(Web page caption snippets)
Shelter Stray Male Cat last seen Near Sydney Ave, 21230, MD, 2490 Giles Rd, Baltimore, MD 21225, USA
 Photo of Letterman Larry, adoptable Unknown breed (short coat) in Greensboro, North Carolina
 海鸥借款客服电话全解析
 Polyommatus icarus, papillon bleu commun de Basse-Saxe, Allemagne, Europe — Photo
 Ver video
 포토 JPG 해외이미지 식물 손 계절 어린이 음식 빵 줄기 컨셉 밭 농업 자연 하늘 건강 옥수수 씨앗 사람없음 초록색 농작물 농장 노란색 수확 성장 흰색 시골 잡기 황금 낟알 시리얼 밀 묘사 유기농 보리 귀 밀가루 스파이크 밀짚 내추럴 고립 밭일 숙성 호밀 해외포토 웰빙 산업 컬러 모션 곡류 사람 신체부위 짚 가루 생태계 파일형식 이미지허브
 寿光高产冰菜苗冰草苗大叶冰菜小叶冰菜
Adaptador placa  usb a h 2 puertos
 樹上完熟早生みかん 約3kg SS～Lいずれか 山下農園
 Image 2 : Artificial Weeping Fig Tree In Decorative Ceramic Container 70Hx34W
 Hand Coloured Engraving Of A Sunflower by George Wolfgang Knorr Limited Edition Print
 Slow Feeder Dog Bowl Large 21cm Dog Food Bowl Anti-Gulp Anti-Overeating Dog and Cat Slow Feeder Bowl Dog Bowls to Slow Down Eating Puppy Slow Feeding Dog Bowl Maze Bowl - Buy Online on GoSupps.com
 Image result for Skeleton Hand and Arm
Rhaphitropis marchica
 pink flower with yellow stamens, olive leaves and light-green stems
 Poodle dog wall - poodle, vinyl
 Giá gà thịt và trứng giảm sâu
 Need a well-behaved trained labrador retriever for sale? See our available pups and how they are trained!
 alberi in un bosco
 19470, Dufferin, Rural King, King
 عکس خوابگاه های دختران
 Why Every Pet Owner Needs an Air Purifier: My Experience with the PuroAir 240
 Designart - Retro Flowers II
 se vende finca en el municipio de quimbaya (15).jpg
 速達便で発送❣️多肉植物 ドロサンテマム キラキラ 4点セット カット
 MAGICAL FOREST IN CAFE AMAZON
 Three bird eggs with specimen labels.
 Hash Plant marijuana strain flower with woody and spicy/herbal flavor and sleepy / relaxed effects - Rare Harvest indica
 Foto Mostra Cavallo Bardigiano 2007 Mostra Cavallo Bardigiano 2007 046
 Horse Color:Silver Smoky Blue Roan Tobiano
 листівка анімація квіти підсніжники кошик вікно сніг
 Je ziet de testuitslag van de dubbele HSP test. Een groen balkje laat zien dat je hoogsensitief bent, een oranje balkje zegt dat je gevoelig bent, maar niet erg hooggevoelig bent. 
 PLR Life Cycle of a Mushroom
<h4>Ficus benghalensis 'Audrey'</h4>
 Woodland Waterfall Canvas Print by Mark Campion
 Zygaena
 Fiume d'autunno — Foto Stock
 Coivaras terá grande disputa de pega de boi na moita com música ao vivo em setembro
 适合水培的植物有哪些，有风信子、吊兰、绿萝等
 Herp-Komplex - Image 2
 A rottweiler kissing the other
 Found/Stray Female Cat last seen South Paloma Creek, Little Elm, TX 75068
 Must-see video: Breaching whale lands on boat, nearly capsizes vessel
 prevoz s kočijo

# What to work on:
Scan the data, and report each line that uses the word "Print".

# Result of this exercise:
 Hand Coloured Engraving Of A Sunflower by George Wolfgang Knorr Limited Edition Print
 Woodland Waterfall Canvas Print by Mark Campion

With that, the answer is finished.